__YOUR TASK__
Within the listing below, tally the lines where the word "member" appears, and answer with nothing but the tally.

__INPUT DATA__
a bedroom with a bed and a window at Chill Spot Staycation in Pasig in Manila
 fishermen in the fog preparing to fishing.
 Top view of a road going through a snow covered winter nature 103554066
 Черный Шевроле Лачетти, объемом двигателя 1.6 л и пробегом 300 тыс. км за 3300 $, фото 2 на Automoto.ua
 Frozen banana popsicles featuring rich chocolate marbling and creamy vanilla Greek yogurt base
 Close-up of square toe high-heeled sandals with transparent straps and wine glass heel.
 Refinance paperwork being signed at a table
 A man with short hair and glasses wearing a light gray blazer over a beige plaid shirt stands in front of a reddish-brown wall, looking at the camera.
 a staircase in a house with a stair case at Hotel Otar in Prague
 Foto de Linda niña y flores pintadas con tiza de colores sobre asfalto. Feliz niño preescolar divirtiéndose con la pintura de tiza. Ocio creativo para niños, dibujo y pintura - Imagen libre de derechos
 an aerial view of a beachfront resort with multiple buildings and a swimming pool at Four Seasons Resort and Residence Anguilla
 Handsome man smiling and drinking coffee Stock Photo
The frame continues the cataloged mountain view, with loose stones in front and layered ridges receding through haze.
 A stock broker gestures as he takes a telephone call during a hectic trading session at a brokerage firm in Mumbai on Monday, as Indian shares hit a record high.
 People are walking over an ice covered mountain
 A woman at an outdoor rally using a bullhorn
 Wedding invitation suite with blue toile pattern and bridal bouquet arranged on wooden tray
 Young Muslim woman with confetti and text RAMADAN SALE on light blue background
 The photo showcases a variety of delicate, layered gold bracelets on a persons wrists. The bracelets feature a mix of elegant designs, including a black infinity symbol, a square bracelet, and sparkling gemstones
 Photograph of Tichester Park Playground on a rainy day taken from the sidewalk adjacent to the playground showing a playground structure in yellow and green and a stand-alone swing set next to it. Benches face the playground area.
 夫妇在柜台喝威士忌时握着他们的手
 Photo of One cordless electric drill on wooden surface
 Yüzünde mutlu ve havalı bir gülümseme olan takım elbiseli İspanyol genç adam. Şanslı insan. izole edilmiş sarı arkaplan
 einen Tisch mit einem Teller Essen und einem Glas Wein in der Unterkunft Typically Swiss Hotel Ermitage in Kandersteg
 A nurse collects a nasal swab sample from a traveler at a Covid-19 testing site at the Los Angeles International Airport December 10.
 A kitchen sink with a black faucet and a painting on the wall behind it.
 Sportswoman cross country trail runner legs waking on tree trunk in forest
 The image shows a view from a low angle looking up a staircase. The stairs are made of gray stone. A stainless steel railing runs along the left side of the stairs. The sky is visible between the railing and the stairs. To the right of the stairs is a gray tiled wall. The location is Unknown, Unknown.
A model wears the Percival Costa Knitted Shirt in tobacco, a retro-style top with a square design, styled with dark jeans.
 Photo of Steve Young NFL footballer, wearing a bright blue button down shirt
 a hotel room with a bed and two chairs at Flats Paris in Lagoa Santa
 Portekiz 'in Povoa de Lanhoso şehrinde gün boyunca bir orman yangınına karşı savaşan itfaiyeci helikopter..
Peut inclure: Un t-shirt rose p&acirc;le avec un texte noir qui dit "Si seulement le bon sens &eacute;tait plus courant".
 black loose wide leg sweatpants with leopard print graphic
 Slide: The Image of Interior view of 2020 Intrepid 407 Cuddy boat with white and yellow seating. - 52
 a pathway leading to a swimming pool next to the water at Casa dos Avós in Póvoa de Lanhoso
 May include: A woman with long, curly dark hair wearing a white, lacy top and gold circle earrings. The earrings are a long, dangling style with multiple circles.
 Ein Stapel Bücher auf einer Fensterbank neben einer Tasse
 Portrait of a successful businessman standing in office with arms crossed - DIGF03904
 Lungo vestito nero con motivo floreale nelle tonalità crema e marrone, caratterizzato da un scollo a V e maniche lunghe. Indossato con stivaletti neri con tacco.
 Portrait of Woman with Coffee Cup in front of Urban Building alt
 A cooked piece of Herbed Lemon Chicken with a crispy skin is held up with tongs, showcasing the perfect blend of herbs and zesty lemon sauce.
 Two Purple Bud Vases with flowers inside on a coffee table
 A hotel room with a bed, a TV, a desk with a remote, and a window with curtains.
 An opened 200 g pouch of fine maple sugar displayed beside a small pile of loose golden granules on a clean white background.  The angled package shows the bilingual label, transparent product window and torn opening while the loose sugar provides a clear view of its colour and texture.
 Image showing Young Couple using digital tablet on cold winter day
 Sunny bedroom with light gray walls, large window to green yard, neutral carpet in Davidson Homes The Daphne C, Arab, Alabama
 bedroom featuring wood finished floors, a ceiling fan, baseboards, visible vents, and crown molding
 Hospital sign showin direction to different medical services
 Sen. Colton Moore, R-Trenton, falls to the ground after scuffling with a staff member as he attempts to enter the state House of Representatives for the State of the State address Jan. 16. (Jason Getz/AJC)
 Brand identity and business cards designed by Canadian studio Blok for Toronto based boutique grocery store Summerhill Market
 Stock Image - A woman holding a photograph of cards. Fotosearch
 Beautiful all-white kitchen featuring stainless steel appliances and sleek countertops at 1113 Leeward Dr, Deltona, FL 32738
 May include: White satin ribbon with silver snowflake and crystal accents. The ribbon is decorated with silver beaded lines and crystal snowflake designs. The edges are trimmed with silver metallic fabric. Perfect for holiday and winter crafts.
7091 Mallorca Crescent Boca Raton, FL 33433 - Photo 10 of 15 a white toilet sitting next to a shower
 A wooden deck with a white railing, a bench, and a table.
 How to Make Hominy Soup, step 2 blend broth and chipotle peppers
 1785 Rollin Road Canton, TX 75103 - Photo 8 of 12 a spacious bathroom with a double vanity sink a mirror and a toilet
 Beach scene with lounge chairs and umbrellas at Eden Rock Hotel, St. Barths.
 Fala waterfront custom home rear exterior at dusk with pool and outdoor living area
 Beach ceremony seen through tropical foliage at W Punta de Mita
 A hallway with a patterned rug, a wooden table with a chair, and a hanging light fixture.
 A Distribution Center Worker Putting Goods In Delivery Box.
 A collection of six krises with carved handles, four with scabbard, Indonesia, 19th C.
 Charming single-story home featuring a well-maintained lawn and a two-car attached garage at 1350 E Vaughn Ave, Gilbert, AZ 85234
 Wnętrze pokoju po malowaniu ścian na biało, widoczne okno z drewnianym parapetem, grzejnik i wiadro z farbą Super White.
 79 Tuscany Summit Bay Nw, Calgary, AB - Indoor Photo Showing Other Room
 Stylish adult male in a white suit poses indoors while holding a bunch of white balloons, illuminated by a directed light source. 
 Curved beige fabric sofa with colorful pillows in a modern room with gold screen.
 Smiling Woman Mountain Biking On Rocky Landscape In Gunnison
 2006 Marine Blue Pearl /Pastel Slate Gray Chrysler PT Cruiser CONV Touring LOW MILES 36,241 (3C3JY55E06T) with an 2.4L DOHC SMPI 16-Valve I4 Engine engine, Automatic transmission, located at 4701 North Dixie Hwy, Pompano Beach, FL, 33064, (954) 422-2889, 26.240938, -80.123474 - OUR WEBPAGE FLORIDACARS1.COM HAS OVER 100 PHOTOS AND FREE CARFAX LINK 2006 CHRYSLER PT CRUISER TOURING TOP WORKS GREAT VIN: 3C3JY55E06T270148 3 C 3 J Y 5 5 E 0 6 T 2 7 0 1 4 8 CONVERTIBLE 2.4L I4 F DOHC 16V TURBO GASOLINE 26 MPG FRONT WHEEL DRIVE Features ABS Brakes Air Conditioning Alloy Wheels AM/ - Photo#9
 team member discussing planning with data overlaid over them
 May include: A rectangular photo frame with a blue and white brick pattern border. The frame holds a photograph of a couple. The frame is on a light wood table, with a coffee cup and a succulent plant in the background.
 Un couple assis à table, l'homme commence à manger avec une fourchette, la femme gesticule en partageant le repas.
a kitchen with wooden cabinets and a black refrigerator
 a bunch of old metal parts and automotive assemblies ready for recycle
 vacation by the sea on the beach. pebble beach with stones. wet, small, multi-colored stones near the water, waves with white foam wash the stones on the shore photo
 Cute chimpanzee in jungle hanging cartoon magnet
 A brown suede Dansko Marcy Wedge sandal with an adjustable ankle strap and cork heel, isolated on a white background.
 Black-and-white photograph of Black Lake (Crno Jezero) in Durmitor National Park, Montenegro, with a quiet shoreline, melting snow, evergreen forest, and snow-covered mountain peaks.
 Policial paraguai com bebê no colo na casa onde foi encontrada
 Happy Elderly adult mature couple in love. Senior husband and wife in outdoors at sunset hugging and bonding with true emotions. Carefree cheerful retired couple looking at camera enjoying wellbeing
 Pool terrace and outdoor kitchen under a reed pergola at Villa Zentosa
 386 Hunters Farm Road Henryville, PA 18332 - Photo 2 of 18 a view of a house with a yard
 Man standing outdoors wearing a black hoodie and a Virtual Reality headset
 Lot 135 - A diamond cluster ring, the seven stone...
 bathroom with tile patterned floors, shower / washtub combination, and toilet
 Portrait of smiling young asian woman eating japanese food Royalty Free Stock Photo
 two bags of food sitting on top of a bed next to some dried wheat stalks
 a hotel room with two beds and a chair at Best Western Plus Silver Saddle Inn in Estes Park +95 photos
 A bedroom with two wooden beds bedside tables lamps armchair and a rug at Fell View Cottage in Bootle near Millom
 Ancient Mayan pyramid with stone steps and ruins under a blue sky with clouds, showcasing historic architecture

__ANSWER TO THE PROBLEM__
2